Blogging and Other Bloviating
Another birthday, another milestone. Another layer of wrinkles, bumps, or spots as if life were some sort of onion growing old. Hopefully, no one will remember this year and I’ll slip under the radar. In a world of instant communication and universal slathering of anything by anyone, allowing a milestone to grow smaller in the rear view mirror has become an impossibility.
What an ungrateful sod I am. For someone who’s fought to stay alive and relished every near miss with a sneer and a gallon of sweat, I don’t seem all that thankful.
I am. Facebook and a few others allow me to wallow in momentary limelight without having to put on a coat and tie. Their good wishes are appreciated, especially when I sneak a look at their posts, and wonder why they’ve aged and I haven’t. I still see the cute face or the strong jaws I recall. Fine people then and now, even if we don’t see one another anymore except on the small screen.
What about the other “important” milestones?
How about getting fired for the first time? Ouch. I remember that little milestone of personal achievement, especially like last night, at two in the morning. Young, cocky, and unafraid. The boss was a class A jerk. We all agreed, and yet, I got the sack.
Panic.
Working and paying for school, and not staying ahead of the game, how could he do this to me, and still live with himself? Another job came along, especially after I made up a story about my “layoff.” I will admit to remaining a jerk in a lot of ways over the succeeding, but I did get much better at reading people and learning to check out lines in the sand.

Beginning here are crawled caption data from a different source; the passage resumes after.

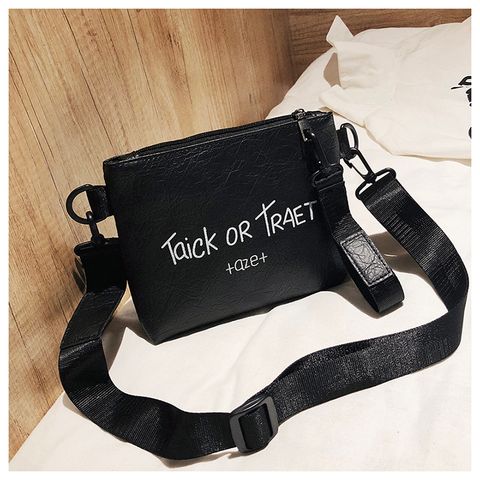 Túi đeo chéo Mini TAICK or TRAET QC A114 ERIK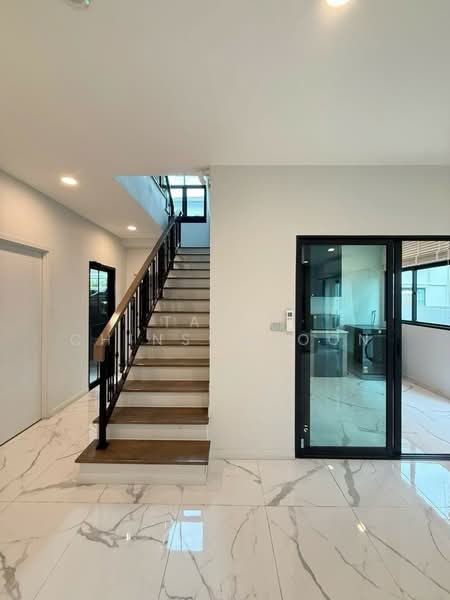 Setthasiri Serithai, Bangkok, Kanchanaphisek 11/3 Intersection 4, Khan Na Yao, Khan Na Yao, Bangkok, 4 Bedrooms, 291 sqm, Single Detached House For Rent, by Tarit Chinsomboon, 500192747 - DDproperty.com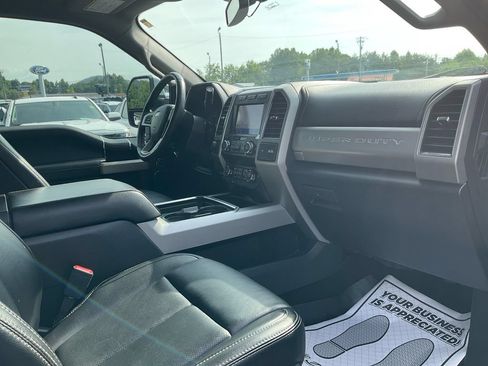 Used 2021 Ford F350 Lariat w/ Lariat Ultimate Package AWD/4WD image 11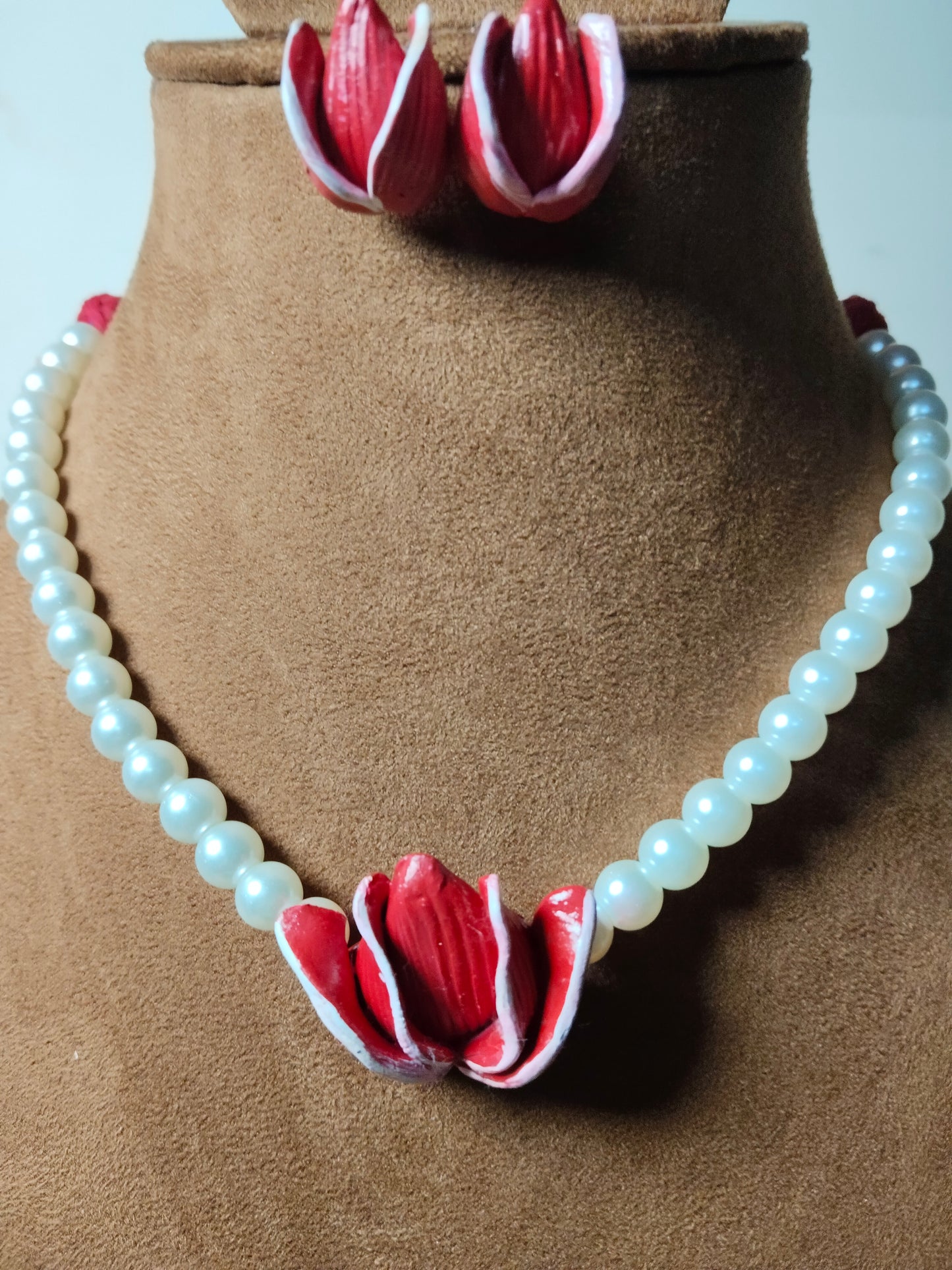 Red Clay Tulip with Pearls Necklace Set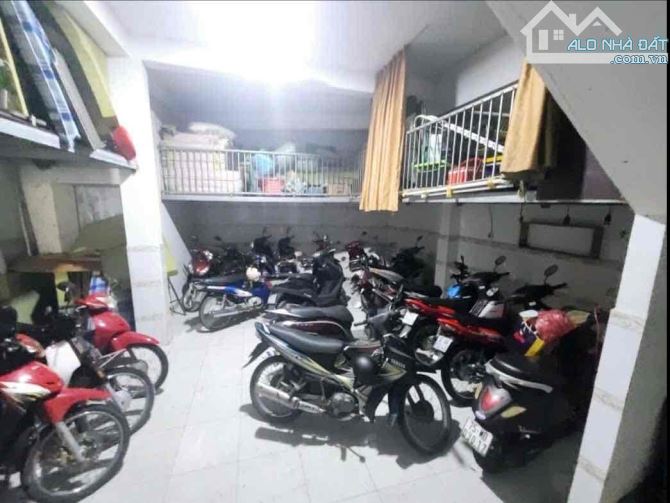 TÒA CĂN HỘ VỊ TRÍ ĐẸP - DT RỘNG 180 M2  - LỢI NHUẬN CAO - GIÁ CỰC RẺ - CHỈ 14 TỶ TL - 4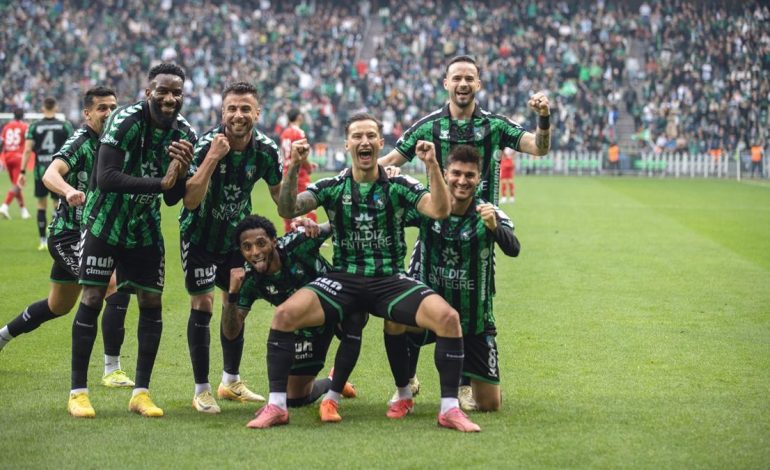 Kocaelispor, Süper Lig’e yükseldiği sezonlarda gol kralı da çıkardı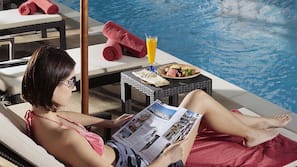 Außenpool, geöffnet von 06:00 Uhr bis 23:00 Uhr, Sonnenschirme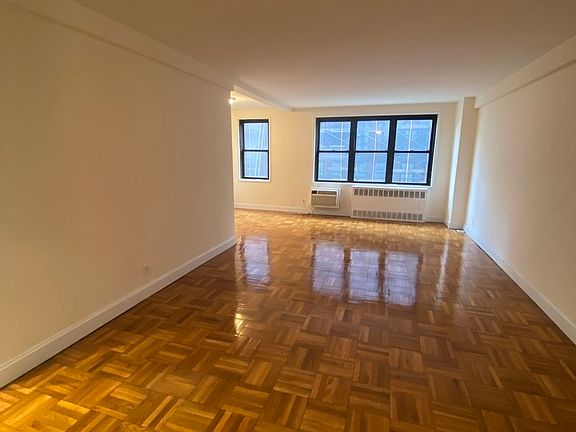 3rd image of 141 E 89th St APT 7E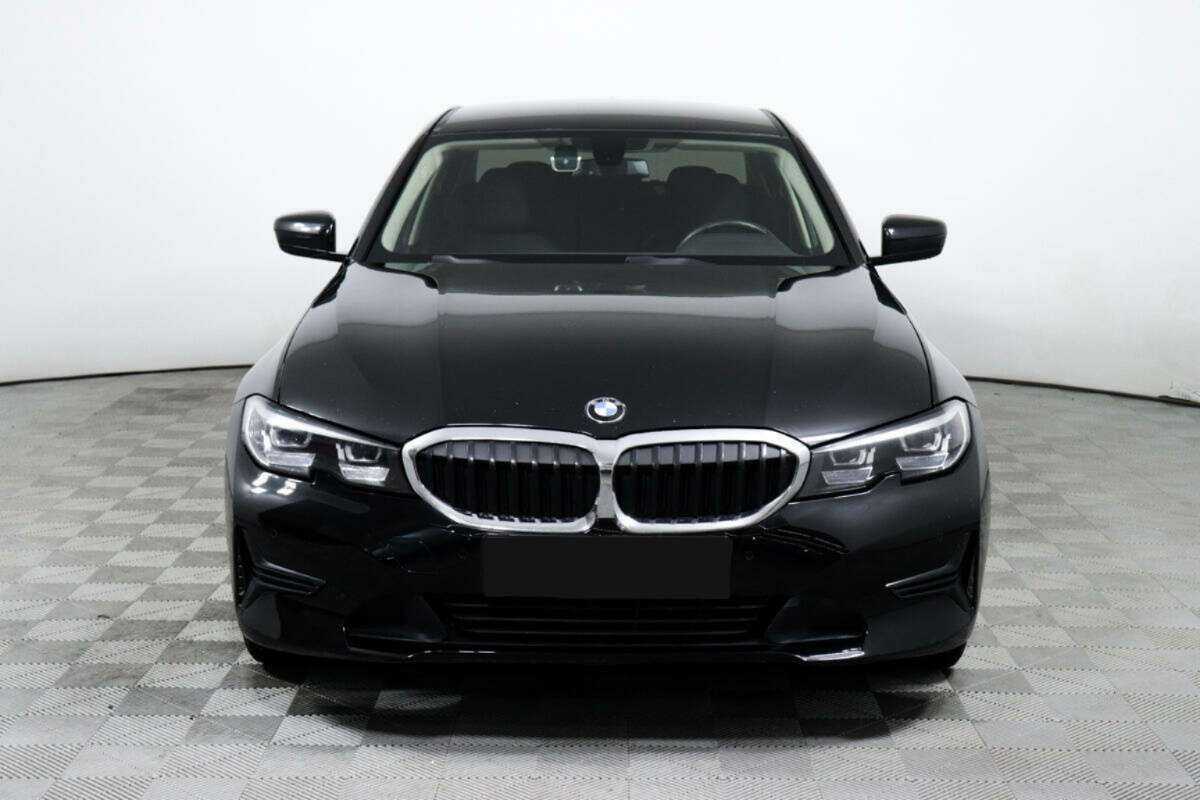 BMW 3 серии с пробегом — 2021 год. Фото: #1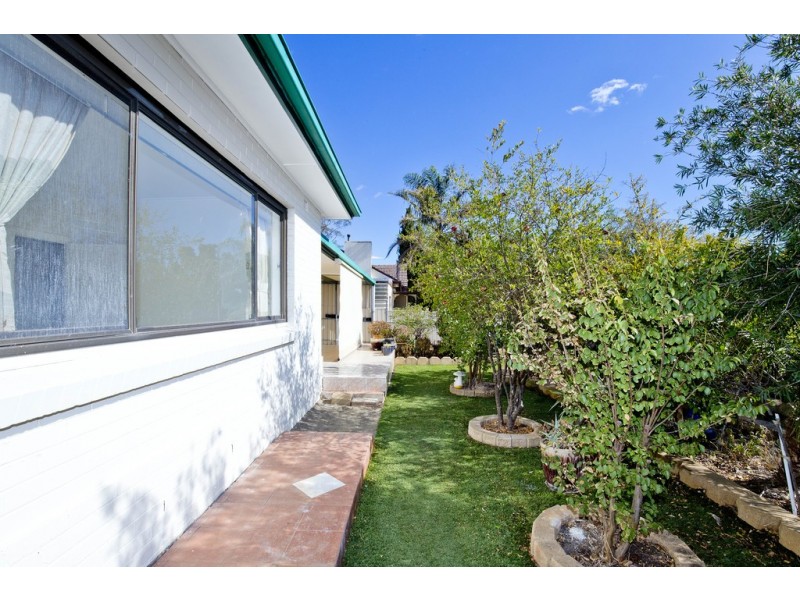 18 Halsey Road, Elizabeth East SA 5112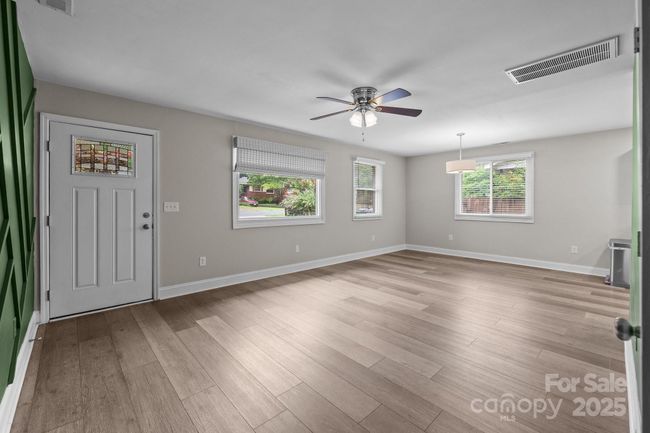 5008 Unaka Ave, House other with 3 bedrooms, 2 bathrooms and null parking in Charlotte NC | Image 4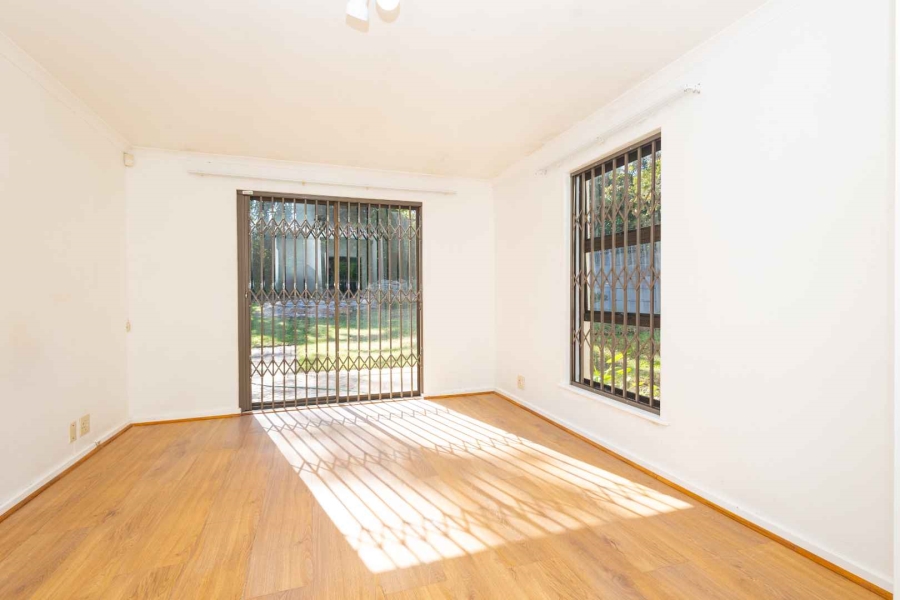 To Let 3 Bedroom Property for Rent in Kenridge Western Cape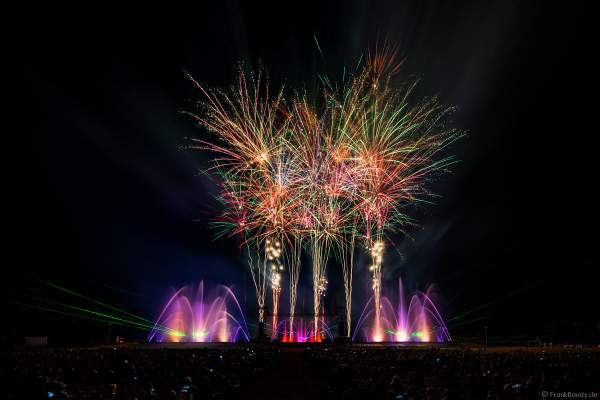 Inszenierung FOOT LEGEND beim Festival Vents d’Est 2019 mit einem Feuerwerk von Alexandre Battinger von der Firma Les artisans du Spectacle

Can losing a friend be a milestone? When Herb and John died, I was simply too young, and besides that was the war. Most of the time, we were invulnerable or scared to death. We drank seabreezes then, light on the canned grapefruit juice and forget the cranberry juice. Fill the glass with clear death, but that was then, this is now.
Much later, Eddie’s passing struck me hard especially hard. We had been pals, in the yesterday sense of the word. He introduced me to his yacht club, and then his dad’s country club. We’d gotten our driver’s licenses together and spent Friday nights in his convertible at the drive-in…restaurant. The movies came on Saturday night. We even snuck out together. The same girl let us feel her bare skin, at different times, of course, all in an effort to find the pathway to growing up. We’d even planned a rafting trip down the Mississippi river after high school, before our freshman year at Penn State. But I moved on before graduation…military kid, and all…and, we did none of those things. I went to a cheaper community college, and he went to Doane. Imagine my surprise when we reconnected decades later and I found out he did the Mississippi, but with another friend.
It didn’t matter. When I called to check in with him on one Thanksgiving and heard he was dead, I mourned. Even his wife hadn’t called to tell me about his passing. Not his first or his second. I’m not stupid, so I know where that put me in his milestone category. Is learning that some friends are simply not the friends we thought we were to them a milestone? Or maybe that’s just growing up, and I hadn’t yet learned. I suppose in too many ways, I still am.
There are as many kinds of milestones as there are people. Check the internet. That’s their list, but these two mean something to me. If I’ve learned anything, it’s that another birthday has a way of peeling back the onionskin of life.
Layers and reflection.
But no worries. If you happen to tear-up when the milestone overtakes you, it’s not you, it’s the damn onion.